In step 188, the database determines whether the key matches the index. An example works directly with the key, not with components. A pattern search is performed. A generalized z-curve may be used, where there is a two dimensional square of little zs that form a larger z. There is a rectangular space with values for the composite keys, with vertical and horizontal lines in the rectangle. If the key matches the index, the system proceeds to step 190 to log the match. Then, the database continues to search sequentially for the next match in step 196, and returns to step 188. If the key does not match the index, the system proceeds to step 192.
In step 192, the database determines the mismatch. The mismatch may be positive or negative. The most senior bit where the key and the index disagree is determined, and this is the mismatch.
Next, in step 194, the database determines if the mismatch from step 192 is greater than the threshold established in step 186. If the mismatch is less than or equal to the threshold, the database continues searching sequentially in step 196. If the mismatch is greater than the threshold, the database jumps in step 198. When the projection of the current element onto the range space misses the range, the next match candidate is the closest element that projects onto the range start. However, the jump length is less than in the point pattern search. Indeed, if the range is almost all of the range space, almost all points in a given region fit the range.
The database jumps in step 198. The jump may be made in accordance with the last disqualified key. After jumping, it proceeds to step 188 to determine whether the key matches the index.
Example matcher code was is in Java with keys represented as byte arrays. Unsigned large integer arithmetic and bitwise operations are implemented. An applications programming interface (API) is used to create schema and query filters. A pluggable storage adapter interface enables to experiment with different data stores. The distributed data scenario and in-memory scenario are tested. A data store adapter for an in-memory scenario is based on a B+ tree and MVStore, a B+ tree based key-value store behind the open source H2 database. For the big data tests, Apache HBase, an open source distributed key-value store from the Hadoop family, is used. Within this adapter, grasshopper algorithms were invoked via the HBase coprocessor mechanism. HBase partitions data into key ranges or regions, each of which is assigned to a region server node. Coprocessors facilitate access to each region, which in turn facilitates partition based grasshopper strategies. Another coprocessor keeps track of statistics for every region.
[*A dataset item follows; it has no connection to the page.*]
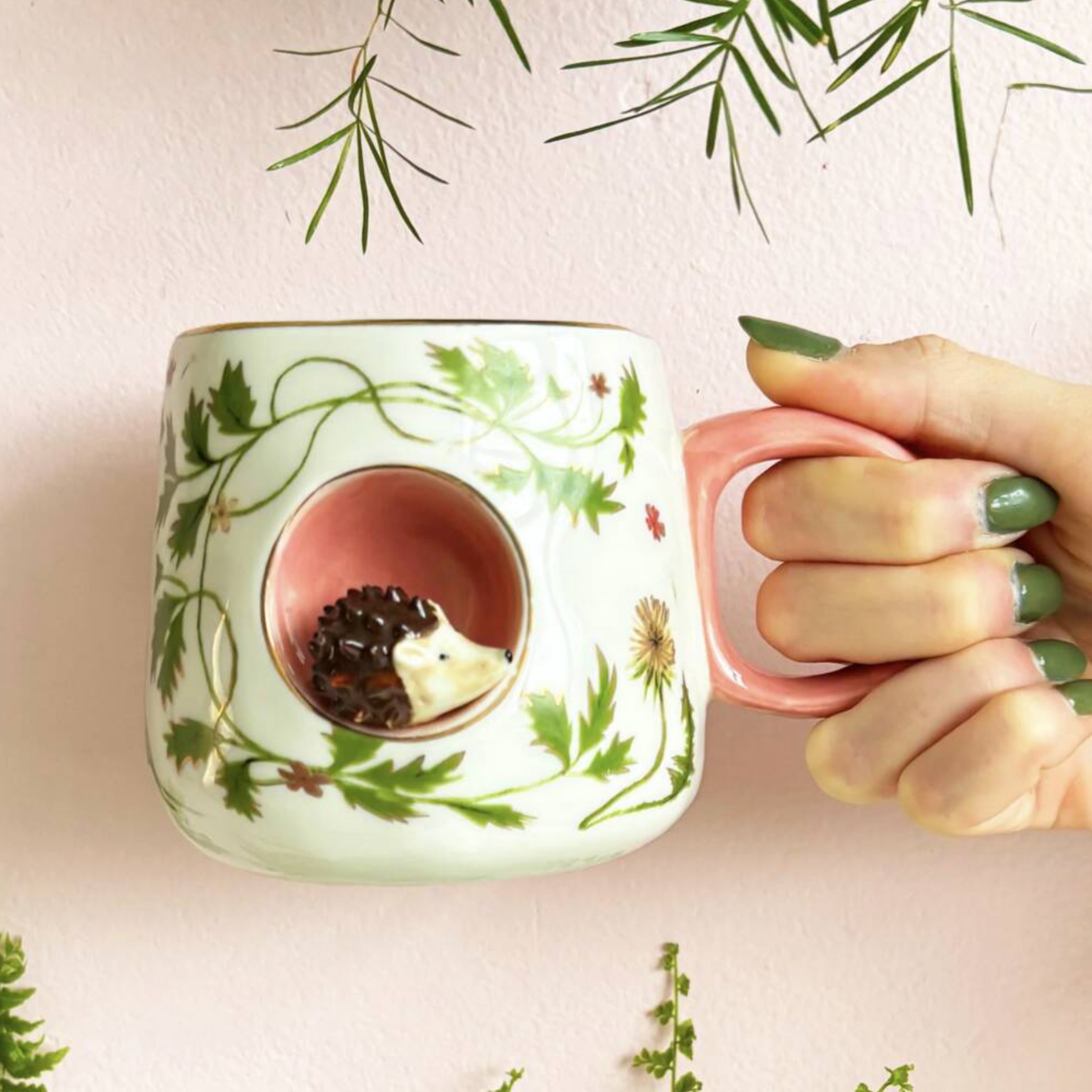 Giftboxed 3D Hedgehog Cup With Gold Rim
For in-memory testing, a laptop with an i5 central processing unit (CPU) and 16 Gb of random access memory (RAM) running a 64 bit Windows 7 operating system is used. The data is either randomly generated on the fly or read from a file. The schema emulated call detail records (CDRs) like those produced in telecommunications. There are sixteen dimensional attributes ranging from 2 to 214. The total composite key length is 116, resulting in 15 byte keys. A data set of 100 million records is used. The maximal Java heap size is 12 Gb. In-memory tests are run single-threaded.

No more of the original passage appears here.